Whatever the area of the country, most people have a psychological one-hour barrier when it comes to commutes, according to Kate Eales, National Head of Lettings at Strutt & Parker.
‘Commuting is largely down to family life – it’s about good schools and having a local support network of people,’ she explains. ‘But enjoying a healthy work-life balance is also becoming important, so there is a limit to how far people will travel daily for work.’
The importance of local connections and support is reflected in the research. Nearly half of respondents commute because they have friends and family in the area, while 41% cited good local schools near their home.
But the survey also reveals the negative effects of commuting, with just under half of people saying the journey to and from work means they are often tired, and 40% claiming it makes them less productive.
However, the overall impact of commuting is a little more nuanced. Researchers from the University of the West of England (UWE) Bristol examined the effect commuting had on the wellbeing of more than 26,000 employees in England over a five-year period.
The study revealed that, all else being equal, every extra minute spent commuting reduces job satisfaction and leisure time – but there was a key benefit, too. Longer commutes actually made people feel more positive about their lives.
‘People take on longer commutes for reasons relating to improving employment, housing and family situations,’ explains Dr Kiron Chatterjee, Associate Professor in Travel Behaviour at UWE Bristol. ‘And these factors serve to increase life satisfaction.’
Of course, commuting isn’t the only solution to living and working in different locations.
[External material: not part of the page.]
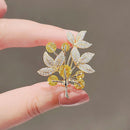 New Fashion Rhinestone Maple Leaf Brooches For Women Girls Yellow Crystal Stones Lucky Tree Lapel Pins Jewelry Accessories Gifts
Strutt & Parker’s research found that a fifth of employers now offer flexible working: balancing days in the office with time spent at home.
It’s a trend that’s growing, according to Simon Roberts of Strutt & Parker’s Gerrards Cross office.
‘Employers are increasingly supportive of working from home, driven in part by new technology,’ he explains. ‘One question we’re regularly asked by buyers is, “what is the local broadband speed?”’
Around half of all the properties Simon sells are bought by people who work in London, and their requirements are changing.
‘Buyers are now looking for ancillary accommodation suitable for home working because they often don’t have to be in the office every day, which makes commuting a lot easier,’ he says.
Robin Opie, a consultant on property interiors, agrees. He points out that informal working conditions – from the gig economy to freelance consultants – are making us think about our homes in a new way.
‘People want to check on floor space for a home office or judge if the garden is large enough for a remote office,’ he says. ‘Whether it’s the number of bedrooms or the potential to expand into the loft, what we want is changing every year as the boundaries of work and home life blur.’
This makes the future exciting but also daunting, as our working and domestic lives undergo a fundamental change.
‘And that future is already here,’ explains Strutt & Parker’s Vanessa Hale. ‘If you leave London on Thursday, you’ll find that the trains and roads are busier than on Friday evenings as people head out of town early and work a day at home.
‘It’s just one sign of a more radical shift as employers and employees navigate the new relationship between housing and work. A few companies are even helping to pay for staff accommodation so employees can live closer to their jobs – a little like how they now subsidise season tickets for commuters.’
Only one thing is certain: that the idea of leaving work behind when you walk out of the office is firmly rooted in the past. Instead, we may all soon be walking out of the office – and straight into our living rooms.